(Input for this task)

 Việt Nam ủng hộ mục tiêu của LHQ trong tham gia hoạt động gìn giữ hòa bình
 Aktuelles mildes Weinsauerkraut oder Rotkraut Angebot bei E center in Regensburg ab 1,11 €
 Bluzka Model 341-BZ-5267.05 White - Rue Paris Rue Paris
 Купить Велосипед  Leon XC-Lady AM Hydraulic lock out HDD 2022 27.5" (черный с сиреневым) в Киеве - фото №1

(End Input for this task)
(Input for this task)

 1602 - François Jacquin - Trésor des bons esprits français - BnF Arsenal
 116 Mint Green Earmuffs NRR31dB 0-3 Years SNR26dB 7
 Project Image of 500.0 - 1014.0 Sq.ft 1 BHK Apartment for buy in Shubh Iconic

(End Input for this task)
(Input for this task)

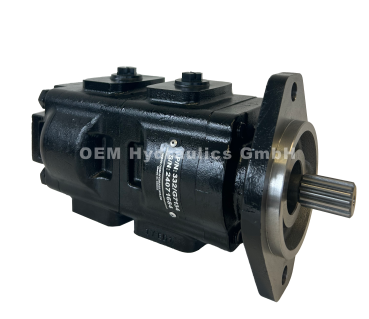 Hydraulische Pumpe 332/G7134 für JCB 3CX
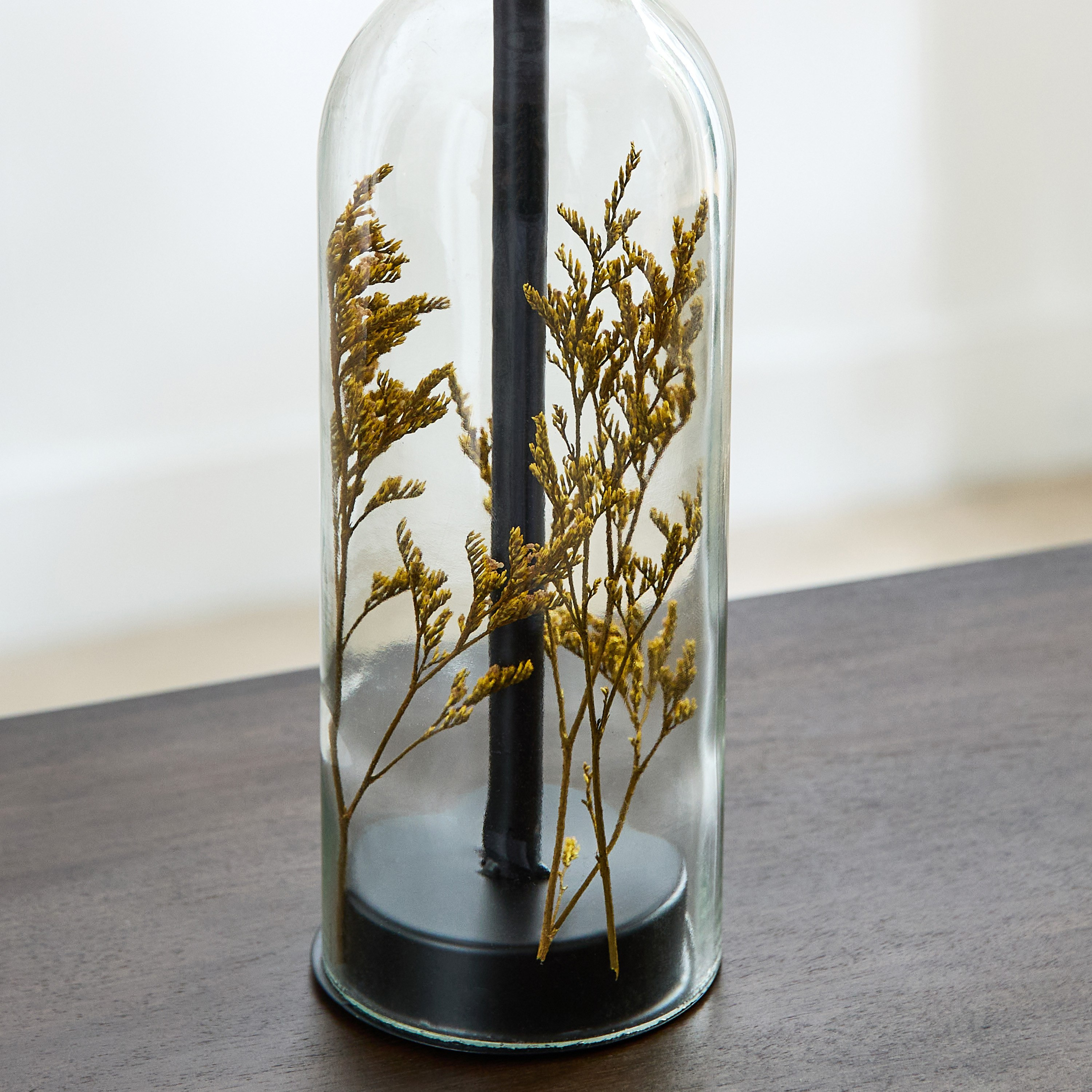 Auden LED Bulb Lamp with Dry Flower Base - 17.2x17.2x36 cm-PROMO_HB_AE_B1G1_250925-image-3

(End Input for this task)

■ **Required work**
Range to copy from the listing above: the line with "Hydraulische Pumpe 332/G7134 für JCB 3CX" through the line with "Auden LED Bulb". Transcribe it exactly and skip the pictures.

■ **Exercise answer**
 Hydraulische Pumpe 332/G7134 für JCB 3CX
 Auden LED Bulb Lamp with Dry Flower Base - 17.2x17.2x36 cm-PROMO_HB_AE_B1G1_250925-image-3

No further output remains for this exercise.